Mr Shillito delivered this prayer in a voice which must have been audible in the news room, even though the presses had begun the morning’s run, and Ridley was sweating with embarrassment. This was becoming worse and worse. To his immense relief, Miss Green came in.

“An important long-distance call, if you can take it, Mr Ridley,” said she.

“Aha!” he cried. “You’ll excuse me, Mr Shillito? Confidential.” He hissed the last word, as though matters on the highest government level were involved. The lover of the Newspaper Game raised his great eyebrows conspiratorially, and tip-toed from the room.

“What is it, Miss Green?” asked Ridley, mopping his bald brow.

“Nothing, really, Mr Ridley,” said Miss Green. “I just thought you might like a change of atmosphere. There was a call a few minutes ago. Professor Vambrace wants to see you at eleven.”

“What about?”

“Wouldn’t say, but he was rather abrupt on the line. He said he had called earlier.”

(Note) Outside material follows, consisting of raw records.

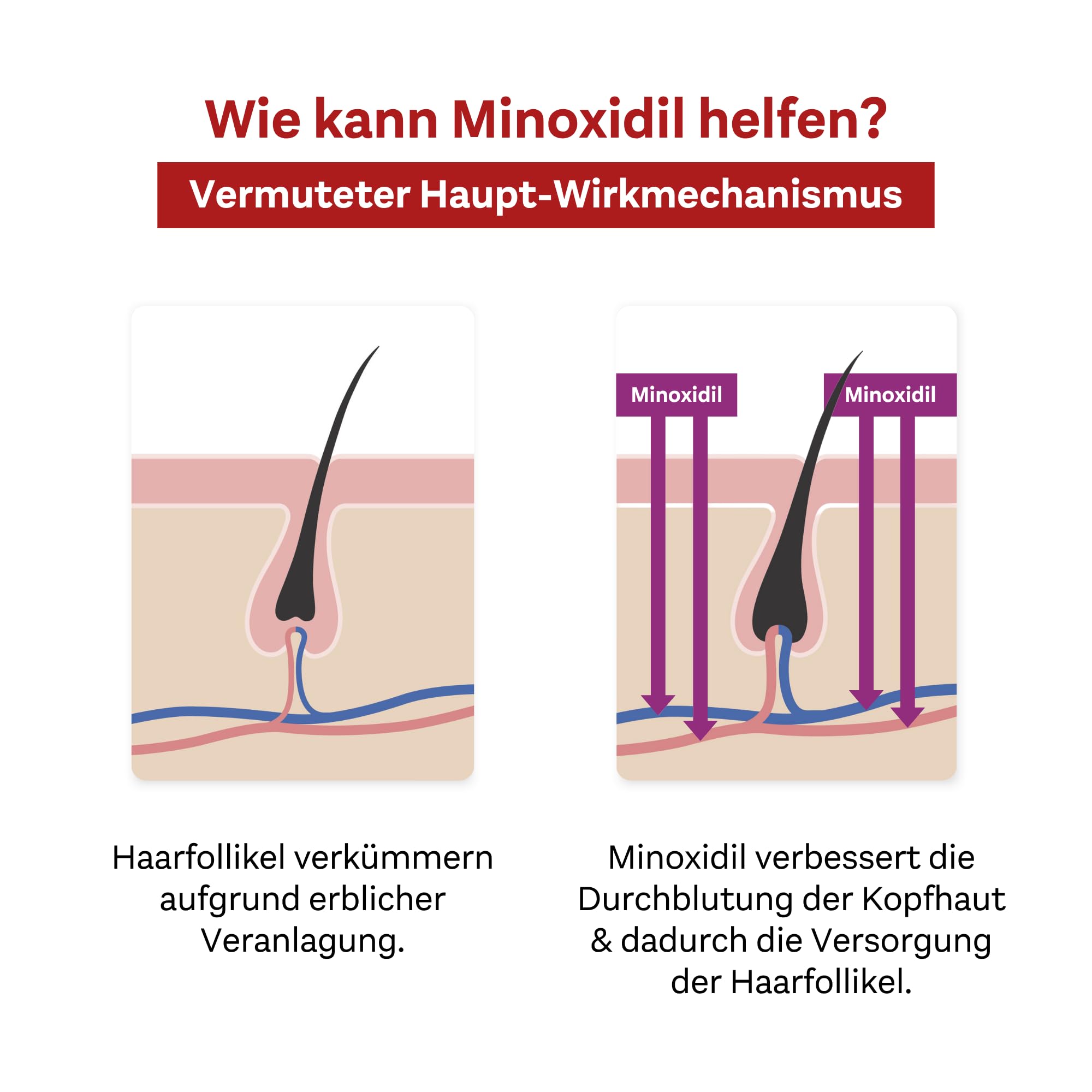 doppelherzpharma-minoxidil-20-mg-ml-2-l-sung-3x-60-ml-f-r-frauen image 7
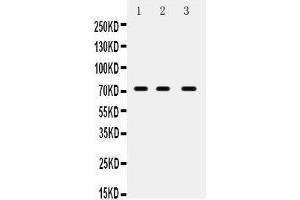 Anti- ABCG5 Picoband antibody, Western blotting All lanes: Anti ABCG5  at 0. (ABCG5 anticorps  (N-Term))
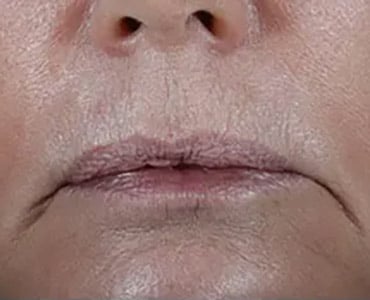 Bucktown DOT FOR WRINKLES AROUND THE MOUTH 6 MONTHS AFTER 1ST TREATMENT 2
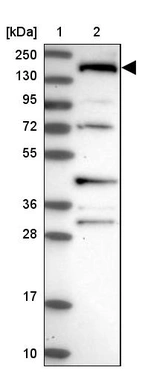 Lane 1: Marker [kDa] 250, 130, 95, 72, 55, 36, 28, 17, 10_br/_Lane 2: Human cell line RT-4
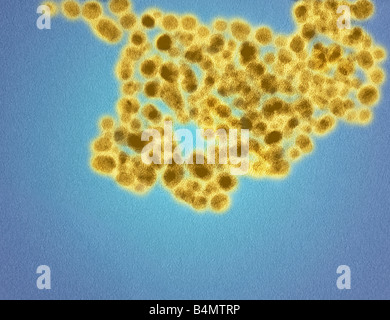 Une image TEM de nanoparticules d'or dans les cellules de revêtement de surface une glutathion corona illustrant la taille moléculaire de nanoparticules Banque D'Images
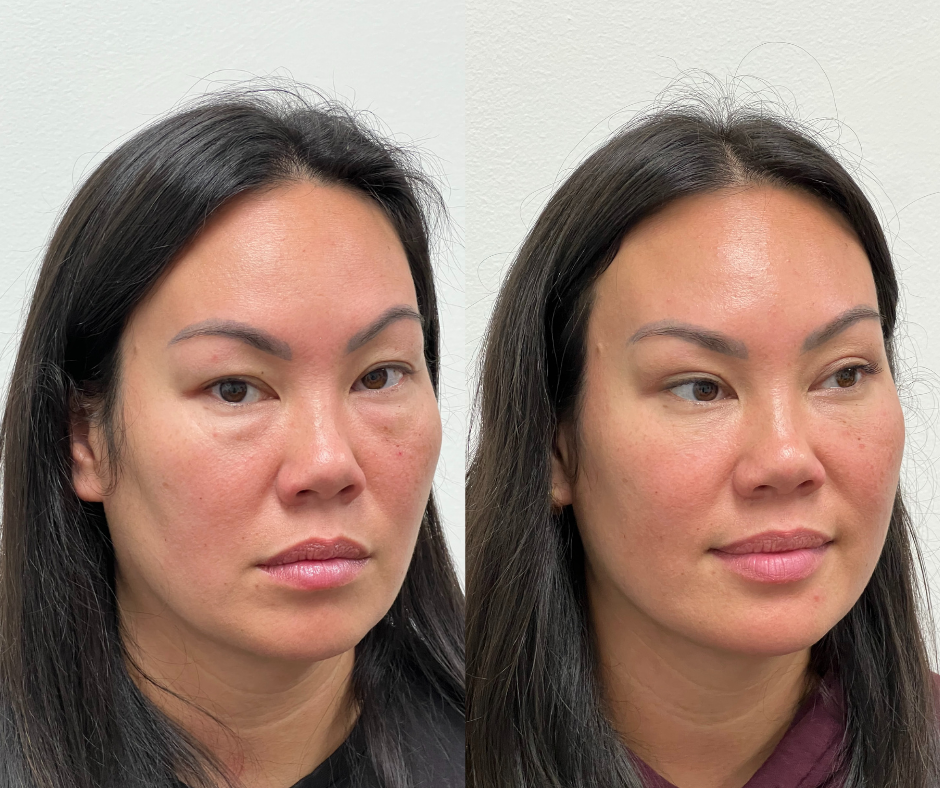 Upper Blepharoplasty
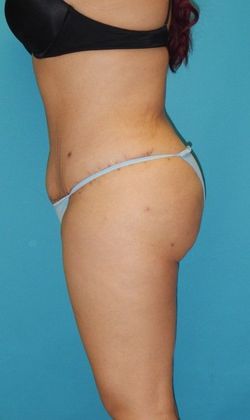 After Image: Brazilian Butt Lift: Case 6 - left-side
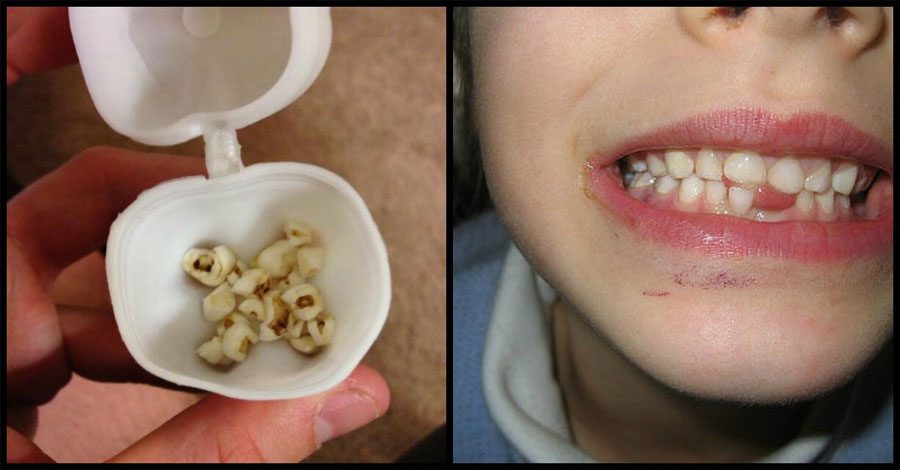 Los médicos instan a todos los padres para que guarden los dientes de leche de sus hijos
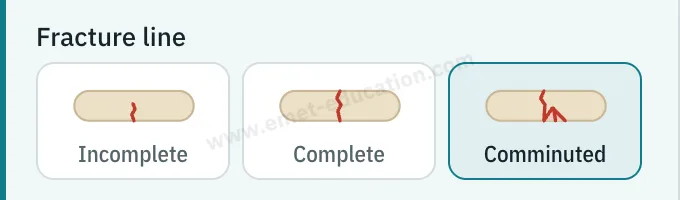 Model panel: incomplete, complete or comminuted fracture line.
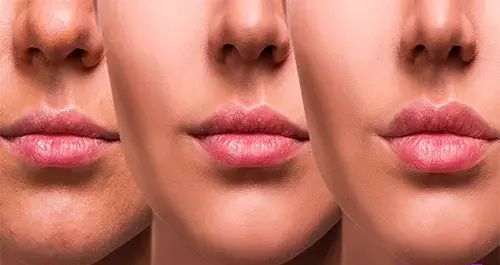 عکس لب پروتز بزرگ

“Professor Vambrace is always abrupt,” said Ridley. “Thank you, Miss Green. And I am always busy if Mr Shillito wants to see me, for the next few days.”

Miss Green nodded. She was too good a secretary to do more, but there was that in her nod which promised that even the gate-crashing talents of Mr Shillito would be unavailing against her in future.

Sighing, Ridley turned to his next task, which was a consideration of the editorial pages of thirty-eight contemporaries of The Bellman, which had been cut out and stacked ready to hand. He would have liked to take ten minutes to think about Mr Swithin Shillito and the problem which he presented, but he had not ten minutes to spare. People who form their opinions of what goes on in a daily newspaper office upon what they see at the movies imagine that the life of a journalist is one of exciting and unforeseen events; but as Ridley intended to say in his Wadsworth lecture, it was rooted deep in a stern routine; let the heavens fall and the earth consume in flames, the presses must not be late; if the reading public was to enjoy the riotous excess of the world’s news, the newspaperman must bend that excess to the demands of a mechanical routine and a staff of union workers. Before one o’clock he must read all that lay on his desk, talk to the news editor, plan and write at least one leading article, and see any visitors who could win past Miss Green. He could spare no ten minutes for pondering about Mr Shillito. He must read, read, dig, dig, and plan, plan as the Old Mess himself advised.